Only those lines in the data below from the line containing "3 SHIPS FREE!" through the line containing "Actual product image", both included, should be restated word for word.

START GIVEN INFORMATION

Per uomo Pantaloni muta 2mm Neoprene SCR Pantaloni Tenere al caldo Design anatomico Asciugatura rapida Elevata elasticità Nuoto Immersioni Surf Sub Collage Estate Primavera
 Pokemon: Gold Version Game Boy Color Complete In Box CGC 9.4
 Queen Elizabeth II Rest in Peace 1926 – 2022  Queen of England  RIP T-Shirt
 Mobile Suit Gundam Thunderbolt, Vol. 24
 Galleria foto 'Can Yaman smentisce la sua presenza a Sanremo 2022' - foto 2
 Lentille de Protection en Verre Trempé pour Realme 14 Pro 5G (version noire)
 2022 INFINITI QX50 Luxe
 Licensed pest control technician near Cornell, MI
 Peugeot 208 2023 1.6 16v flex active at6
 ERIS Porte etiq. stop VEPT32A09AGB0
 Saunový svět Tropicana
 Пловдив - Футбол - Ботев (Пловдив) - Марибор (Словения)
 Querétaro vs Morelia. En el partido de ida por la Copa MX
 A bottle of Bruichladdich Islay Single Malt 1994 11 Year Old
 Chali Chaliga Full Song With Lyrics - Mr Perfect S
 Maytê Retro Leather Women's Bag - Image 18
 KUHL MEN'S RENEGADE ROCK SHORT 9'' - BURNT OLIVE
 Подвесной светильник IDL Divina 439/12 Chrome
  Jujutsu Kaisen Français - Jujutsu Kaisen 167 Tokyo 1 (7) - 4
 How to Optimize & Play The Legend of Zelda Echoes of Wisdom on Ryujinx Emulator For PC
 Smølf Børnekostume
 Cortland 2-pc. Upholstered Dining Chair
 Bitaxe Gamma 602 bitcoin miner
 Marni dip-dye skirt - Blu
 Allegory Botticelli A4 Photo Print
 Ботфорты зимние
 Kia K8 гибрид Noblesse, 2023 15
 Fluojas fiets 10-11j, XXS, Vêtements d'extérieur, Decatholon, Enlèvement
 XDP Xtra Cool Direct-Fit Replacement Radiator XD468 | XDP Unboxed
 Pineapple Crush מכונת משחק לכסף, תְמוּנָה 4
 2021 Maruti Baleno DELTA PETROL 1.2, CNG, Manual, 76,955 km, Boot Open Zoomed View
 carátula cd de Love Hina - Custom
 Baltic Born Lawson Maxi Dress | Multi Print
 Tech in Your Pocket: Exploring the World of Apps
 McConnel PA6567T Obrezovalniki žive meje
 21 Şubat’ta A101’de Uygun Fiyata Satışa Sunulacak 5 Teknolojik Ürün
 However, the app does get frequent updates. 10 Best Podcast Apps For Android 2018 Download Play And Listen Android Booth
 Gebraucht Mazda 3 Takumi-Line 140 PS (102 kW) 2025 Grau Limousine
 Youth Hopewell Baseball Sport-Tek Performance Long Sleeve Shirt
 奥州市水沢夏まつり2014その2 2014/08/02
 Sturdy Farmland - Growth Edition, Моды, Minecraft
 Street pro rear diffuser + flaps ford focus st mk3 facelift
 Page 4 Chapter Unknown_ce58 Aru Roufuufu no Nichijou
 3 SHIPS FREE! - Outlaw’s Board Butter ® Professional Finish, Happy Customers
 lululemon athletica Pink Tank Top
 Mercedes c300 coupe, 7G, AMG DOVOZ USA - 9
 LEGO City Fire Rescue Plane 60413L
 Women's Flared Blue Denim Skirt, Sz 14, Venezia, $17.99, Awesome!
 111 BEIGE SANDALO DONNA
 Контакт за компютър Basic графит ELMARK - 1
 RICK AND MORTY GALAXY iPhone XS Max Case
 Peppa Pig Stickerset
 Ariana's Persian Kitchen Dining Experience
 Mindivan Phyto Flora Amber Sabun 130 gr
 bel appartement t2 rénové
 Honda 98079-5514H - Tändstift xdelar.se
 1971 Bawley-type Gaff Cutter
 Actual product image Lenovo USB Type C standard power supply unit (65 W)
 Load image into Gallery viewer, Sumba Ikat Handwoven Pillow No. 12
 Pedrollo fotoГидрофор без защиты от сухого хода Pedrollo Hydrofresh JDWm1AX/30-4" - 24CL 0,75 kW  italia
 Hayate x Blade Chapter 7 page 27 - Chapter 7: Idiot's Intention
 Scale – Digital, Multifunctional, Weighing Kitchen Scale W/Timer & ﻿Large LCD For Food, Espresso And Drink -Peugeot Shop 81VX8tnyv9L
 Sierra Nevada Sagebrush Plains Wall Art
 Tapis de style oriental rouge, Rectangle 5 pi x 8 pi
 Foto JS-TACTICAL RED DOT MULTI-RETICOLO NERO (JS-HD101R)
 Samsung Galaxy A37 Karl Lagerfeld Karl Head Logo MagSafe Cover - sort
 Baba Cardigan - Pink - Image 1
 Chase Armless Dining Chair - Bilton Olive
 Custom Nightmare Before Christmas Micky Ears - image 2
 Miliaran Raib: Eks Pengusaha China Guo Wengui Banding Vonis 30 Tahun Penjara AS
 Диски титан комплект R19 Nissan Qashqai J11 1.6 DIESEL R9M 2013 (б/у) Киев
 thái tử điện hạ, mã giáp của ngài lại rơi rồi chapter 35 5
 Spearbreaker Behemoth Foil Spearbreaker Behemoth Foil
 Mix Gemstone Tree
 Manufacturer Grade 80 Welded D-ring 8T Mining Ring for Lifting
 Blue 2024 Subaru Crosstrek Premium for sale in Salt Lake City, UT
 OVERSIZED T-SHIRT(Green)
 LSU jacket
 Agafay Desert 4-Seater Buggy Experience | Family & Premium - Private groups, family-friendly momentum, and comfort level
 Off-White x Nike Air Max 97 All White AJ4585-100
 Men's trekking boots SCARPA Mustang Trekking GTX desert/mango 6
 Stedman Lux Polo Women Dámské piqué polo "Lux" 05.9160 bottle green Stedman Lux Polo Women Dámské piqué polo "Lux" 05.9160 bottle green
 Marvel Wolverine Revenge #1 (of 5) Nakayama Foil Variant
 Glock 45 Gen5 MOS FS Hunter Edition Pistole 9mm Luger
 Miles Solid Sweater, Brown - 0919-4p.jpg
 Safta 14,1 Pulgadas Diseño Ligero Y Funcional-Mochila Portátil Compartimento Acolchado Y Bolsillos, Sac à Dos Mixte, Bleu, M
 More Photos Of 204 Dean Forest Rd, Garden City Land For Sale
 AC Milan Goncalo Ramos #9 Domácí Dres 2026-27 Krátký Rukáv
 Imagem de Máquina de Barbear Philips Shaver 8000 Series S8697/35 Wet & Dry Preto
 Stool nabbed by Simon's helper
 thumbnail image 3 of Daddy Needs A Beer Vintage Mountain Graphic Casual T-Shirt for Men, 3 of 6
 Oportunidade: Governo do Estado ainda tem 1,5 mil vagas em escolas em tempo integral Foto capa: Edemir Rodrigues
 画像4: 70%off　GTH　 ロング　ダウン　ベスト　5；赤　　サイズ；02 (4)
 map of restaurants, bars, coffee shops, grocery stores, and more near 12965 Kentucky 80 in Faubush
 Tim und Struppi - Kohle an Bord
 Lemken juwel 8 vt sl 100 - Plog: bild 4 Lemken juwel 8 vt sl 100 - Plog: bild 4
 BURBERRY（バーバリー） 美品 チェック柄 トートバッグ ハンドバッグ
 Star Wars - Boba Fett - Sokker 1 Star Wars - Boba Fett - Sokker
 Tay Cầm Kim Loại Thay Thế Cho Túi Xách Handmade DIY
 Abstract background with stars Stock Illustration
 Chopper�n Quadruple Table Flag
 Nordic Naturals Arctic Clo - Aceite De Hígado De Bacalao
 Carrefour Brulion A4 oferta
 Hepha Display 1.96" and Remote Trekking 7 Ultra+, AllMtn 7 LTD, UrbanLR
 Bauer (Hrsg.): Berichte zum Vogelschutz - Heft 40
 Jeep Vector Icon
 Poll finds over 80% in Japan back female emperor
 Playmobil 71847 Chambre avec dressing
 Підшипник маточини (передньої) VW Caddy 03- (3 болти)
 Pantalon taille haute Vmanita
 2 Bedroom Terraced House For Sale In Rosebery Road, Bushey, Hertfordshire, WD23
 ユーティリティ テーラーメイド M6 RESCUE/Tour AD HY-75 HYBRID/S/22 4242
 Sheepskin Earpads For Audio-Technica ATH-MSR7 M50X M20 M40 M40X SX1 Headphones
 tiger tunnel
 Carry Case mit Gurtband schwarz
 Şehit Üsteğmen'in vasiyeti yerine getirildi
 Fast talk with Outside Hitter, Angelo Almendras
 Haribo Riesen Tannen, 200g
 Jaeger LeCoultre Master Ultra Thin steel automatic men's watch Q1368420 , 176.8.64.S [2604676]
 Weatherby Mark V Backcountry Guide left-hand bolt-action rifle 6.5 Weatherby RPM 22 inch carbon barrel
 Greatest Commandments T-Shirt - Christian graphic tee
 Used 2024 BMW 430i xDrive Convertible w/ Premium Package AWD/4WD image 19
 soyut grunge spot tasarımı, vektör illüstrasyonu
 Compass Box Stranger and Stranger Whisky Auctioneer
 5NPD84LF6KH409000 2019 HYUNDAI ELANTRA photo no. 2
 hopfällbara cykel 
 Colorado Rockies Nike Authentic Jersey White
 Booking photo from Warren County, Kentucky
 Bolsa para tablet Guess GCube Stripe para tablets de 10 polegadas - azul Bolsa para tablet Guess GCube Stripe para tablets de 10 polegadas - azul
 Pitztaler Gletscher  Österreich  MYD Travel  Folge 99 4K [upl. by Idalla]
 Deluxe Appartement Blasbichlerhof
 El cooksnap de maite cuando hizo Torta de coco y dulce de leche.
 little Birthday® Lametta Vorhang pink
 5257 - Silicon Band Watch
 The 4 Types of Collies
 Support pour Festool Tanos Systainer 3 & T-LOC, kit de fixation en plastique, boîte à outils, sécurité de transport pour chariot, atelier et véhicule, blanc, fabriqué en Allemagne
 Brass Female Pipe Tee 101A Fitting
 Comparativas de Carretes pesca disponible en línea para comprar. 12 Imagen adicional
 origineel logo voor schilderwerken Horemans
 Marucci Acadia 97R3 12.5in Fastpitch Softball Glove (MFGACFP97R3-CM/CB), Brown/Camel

END GIVEN INFORMATION

» YOUR SOLUTION
 3 SHIPS FREE! - Outlaw’s Board Butter ® Professional Finish, Happy Customers
 lululemon athletica Pink Tank Top
 Mercedes c300 coupe, 7G, AMG DOVOZ USA - 9
 LEGO City Fire Rescue Plane 60413L
 Women's Flared Blue Denim Skirt, Sz 14, Venezia, $17.99, Awesome!
 111 BEIGE SANDALO DONNA
 Контакт за компютър Basic графит ELMARK - 1
 RICK AND MORTY GALAXY iPhone XS Max Case
 Peppa Pig Stickerset
 Ariana's Persian Kitchen Dining Experience
 Mindivan Phyto Flora Amber Sabun 130 gr
 bel appartement t2 rénové
 Honda 98079-5514H - Tändstift xdelar.se
 1971 Bawley-type Gaff Cutter
 Actual product image Lenovo USB Type C standard power supply unit (65 W)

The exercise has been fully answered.